= Dave Haslam =

British writer, broadcaster and DJ

Dave Haslam is a British writer, broadcaster and DJ who DJed over 450 times at the Haçienda nightclub in Manchester and has since DJed worldwide. He has written for the New Musical Express, The Guardian, the London Review of Books and The Times, and has published five books.

==Early life, family and education==
Haslam is originally from Moseley, Birmingham. He was educated at King Edward's School, Birmingham, then moved to Manchester in 1980, and later graduated from the University of Manchester.

==Career==
After graduating from the University of Manchester, Haslam worked as a concert promoter, hosting live performances by Sonic Youth, Big Black, Primal Scream, the Stone Roses, and others. He began DJing at clubs including the Man Alive and the Venue. In 1983, he founded the fanzine Debris and later also wrote for the New Musical Express. Later in the 1980s, he ran a music label, Play Hard Records, signing bands such as King of the Slums, The Bodines and The Train Set.
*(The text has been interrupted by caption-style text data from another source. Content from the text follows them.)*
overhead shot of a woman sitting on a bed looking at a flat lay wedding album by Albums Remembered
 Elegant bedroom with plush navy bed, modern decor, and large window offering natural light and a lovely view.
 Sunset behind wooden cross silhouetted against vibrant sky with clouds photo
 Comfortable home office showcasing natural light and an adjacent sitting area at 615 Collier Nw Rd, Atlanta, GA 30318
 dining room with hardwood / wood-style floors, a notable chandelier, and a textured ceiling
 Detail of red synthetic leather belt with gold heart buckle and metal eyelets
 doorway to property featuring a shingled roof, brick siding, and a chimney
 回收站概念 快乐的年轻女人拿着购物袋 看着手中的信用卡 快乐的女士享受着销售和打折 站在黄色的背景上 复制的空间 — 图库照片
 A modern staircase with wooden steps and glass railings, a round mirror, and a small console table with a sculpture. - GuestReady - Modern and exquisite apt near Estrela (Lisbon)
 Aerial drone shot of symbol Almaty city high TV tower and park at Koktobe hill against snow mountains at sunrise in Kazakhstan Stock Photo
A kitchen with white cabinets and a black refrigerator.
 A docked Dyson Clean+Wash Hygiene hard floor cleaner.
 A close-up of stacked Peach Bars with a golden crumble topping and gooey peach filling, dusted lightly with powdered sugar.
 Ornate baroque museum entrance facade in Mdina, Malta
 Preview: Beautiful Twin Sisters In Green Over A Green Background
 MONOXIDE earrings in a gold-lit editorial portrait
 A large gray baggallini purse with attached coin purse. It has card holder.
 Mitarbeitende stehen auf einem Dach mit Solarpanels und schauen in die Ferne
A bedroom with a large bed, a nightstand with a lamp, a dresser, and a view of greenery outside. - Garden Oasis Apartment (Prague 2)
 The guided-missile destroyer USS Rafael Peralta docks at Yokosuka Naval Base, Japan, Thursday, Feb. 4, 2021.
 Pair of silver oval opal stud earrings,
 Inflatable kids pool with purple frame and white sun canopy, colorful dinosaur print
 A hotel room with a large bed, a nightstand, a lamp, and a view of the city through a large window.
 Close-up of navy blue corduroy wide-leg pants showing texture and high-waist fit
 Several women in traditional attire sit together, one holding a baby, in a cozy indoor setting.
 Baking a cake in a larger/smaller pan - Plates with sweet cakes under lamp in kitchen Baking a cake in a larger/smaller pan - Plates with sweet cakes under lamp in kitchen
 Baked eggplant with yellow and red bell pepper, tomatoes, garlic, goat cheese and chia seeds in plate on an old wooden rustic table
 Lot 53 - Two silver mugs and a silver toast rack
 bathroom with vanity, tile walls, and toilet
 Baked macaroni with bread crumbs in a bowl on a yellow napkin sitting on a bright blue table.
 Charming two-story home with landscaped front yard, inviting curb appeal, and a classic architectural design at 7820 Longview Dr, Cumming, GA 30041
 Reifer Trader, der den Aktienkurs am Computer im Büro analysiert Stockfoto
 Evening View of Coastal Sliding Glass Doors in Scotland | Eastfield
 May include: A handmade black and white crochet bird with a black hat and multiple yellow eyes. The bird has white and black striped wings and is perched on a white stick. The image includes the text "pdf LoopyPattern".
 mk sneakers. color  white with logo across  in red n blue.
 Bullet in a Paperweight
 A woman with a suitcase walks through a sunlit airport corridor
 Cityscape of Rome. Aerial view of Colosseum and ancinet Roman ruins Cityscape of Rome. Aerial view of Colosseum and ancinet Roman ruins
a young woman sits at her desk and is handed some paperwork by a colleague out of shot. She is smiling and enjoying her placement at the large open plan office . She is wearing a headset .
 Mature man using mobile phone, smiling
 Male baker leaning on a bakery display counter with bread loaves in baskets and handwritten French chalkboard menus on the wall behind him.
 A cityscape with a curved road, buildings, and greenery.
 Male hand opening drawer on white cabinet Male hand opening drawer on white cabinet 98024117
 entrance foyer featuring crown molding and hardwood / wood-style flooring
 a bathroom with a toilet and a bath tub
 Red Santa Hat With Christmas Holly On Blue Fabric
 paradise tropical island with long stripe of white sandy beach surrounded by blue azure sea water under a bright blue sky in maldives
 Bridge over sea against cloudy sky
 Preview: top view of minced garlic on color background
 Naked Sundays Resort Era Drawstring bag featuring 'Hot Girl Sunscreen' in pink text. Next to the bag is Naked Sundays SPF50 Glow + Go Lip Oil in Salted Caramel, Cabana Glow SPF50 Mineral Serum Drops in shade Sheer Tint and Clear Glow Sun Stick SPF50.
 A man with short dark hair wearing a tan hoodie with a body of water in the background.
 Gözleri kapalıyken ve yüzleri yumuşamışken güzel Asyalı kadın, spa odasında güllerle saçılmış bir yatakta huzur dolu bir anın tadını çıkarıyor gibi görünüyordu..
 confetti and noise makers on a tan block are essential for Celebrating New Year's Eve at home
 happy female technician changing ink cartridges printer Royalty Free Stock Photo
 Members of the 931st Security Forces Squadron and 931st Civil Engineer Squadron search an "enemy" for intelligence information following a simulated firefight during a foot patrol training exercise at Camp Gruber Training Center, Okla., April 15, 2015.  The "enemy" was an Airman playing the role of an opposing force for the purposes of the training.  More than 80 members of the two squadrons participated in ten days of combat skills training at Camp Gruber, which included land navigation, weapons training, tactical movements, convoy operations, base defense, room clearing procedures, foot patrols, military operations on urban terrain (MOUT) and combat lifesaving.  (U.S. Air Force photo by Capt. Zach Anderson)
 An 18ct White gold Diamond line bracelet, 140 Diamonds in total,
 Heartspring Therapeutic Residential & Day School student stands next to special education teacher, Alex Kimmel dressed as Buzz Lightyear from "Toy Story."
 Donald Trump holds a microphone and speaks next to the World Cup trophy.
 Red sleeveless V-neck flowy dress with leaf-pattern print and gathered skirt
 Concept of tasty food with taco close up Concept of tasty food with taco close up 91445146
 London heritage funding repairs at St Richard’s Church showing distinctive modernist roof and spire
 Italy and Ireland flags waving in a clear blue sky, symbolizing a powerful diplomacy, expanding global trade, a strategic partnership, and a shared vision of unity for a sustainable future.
From May 1986 he was a DJ at The Haçienda nightclub, including a residency at Thursday's Temperance club night until October 1990. In the 1990s, he hosted the weekly night Yellow at the Boardwalk nightclub in Manchester.

In 1999, he published Manchester, England, a book about the Manchester music scene. Subsequently, he wrote books about superstar DJs, Adventures on the Wheels of Steel; the music and politics of the 1970s, Not Abba; the Real Story of the 1970s (reprinted as Young Hearts Run Free; the Real Story of the 1970s); and Life After Dark; A History of British Nightclubs & Music Venues.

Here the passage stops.